United Nations World Water Development Report 2017
Globally, over 80% of all wastewater is discharged without treatment. This report of the UN World Water Assessment Programme assesses the problem of wastewater per sector and per region. We recommend chapter 9 on Regional Aspects, Africa, and chapter 16 on Water Reuse and Cost Recovery, and chapter 17 on Knowledge, Innovation, Research and Capacity Development.
Abstract from the Executive Summary: regional perspectives (Africa)

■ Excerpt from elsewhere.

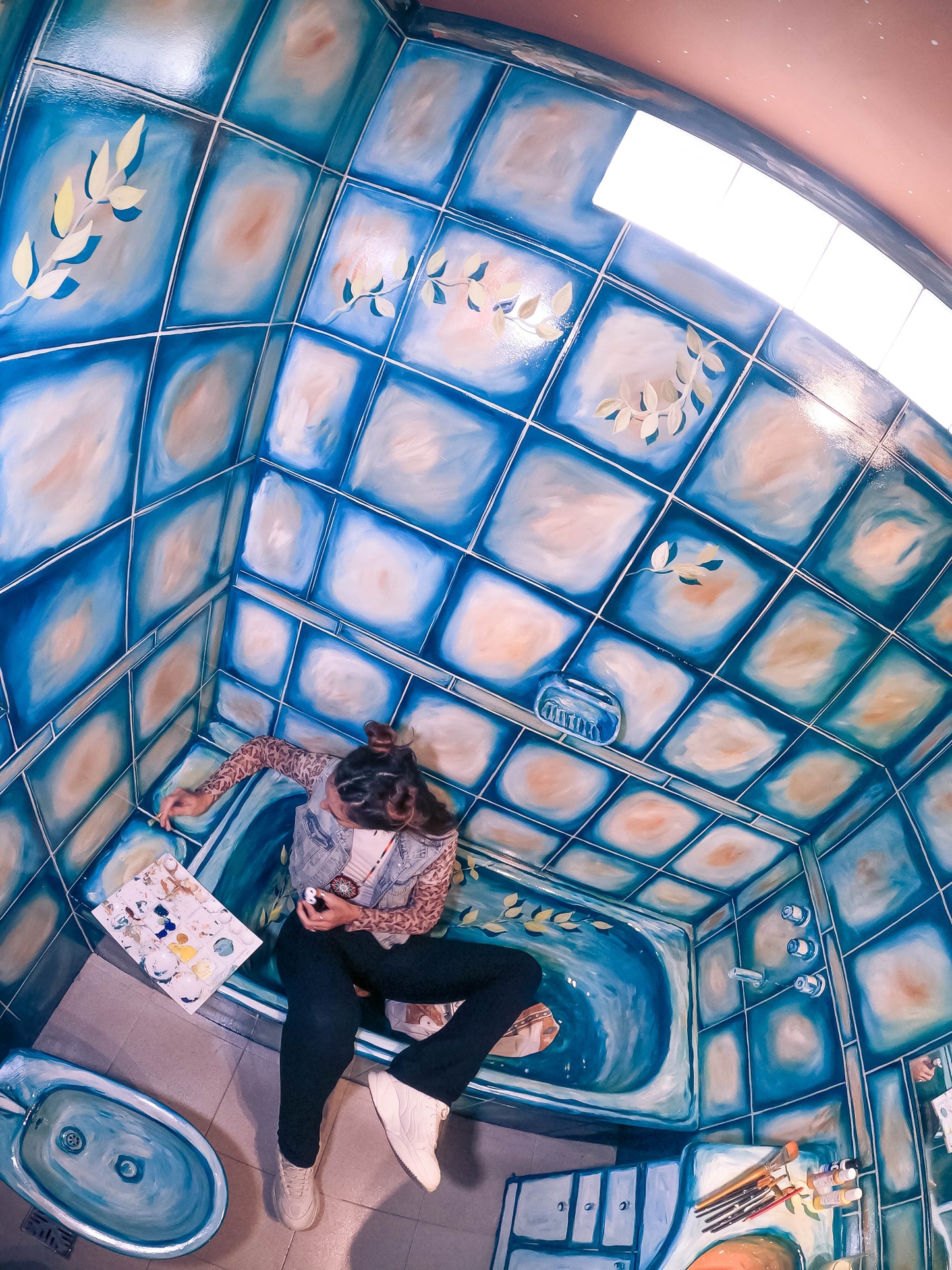 Art Bathroom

"One of the main challenges related to wastewater in Africa is the overall lack of infrastructure for collection and treatment, which results in the pollution of often-limited surface and groundwater resources. African cities are growing quickly, and their current water management systems cannot keep up with the growing demand. However, this situation provides opportunities from improved urban wastewater management using multi-purpose technologies for water reuse and the recovery of useful by-products. Strong advocacy is needed to convince policy-makers of the phenomenal ‘cost of inaction’ in terms of socio-economic development, environmental quality and human health."
Abstract from the Executive Summary: Cost recovery and appropriate financing mechanisms
"Decentralized wastewater treatment systems can be used to offset some financial problems generated by centralized systems. When properly designed and implemented, such low-cost technologies can provide satisfactory results in terms of effluent quality, although they too require an appropriate level of operation and maintenance in order to avoid system failure.
Wastewater use can add new revenue streams to wastewater treatment, particularly under conditions of recurring or chronic water scarcity. Several different business models have been implemented where cost and value recovery offer a significant advantage from a financial perspective. However, revenues from the sale of treated wastewater alone are not generally adequate to cover the operational and maintenance costs of the water treatment facility itself. The recovery of nutrients (mainly phosphorus and nitrogen) and energy can add significant new value streams to improve the proposition of cost recovery.
Although revenues from wastewater use and resource recovery may not always cover their extra costs, the benefits from investments in water reuse may compare well with the cost of dams, desalination, inter-basin transfers, and other options to increase water availability."